== EXERCISE DATA
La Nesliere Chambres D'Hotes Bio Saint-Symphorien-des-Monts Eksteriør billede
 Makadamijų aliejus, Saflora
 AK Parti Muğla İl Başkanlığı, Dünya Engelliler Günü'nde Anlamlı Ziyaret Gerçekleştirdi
====
> _DIRECTIONS_:
Each line of the listing has to be reproduced exactly.

> _WRITTEN REPLY_:
La Nesliere Chambres D'Hotes Bio Saint-Symphorien-des-Monts Eksteriør billede
 Makadamijų aliejus, Saflora
 AK Parti Muğla İl Başkanlığı, Dünya Engelliler Günü'nde Anlamlı Ziyaret Gerçekleştirdi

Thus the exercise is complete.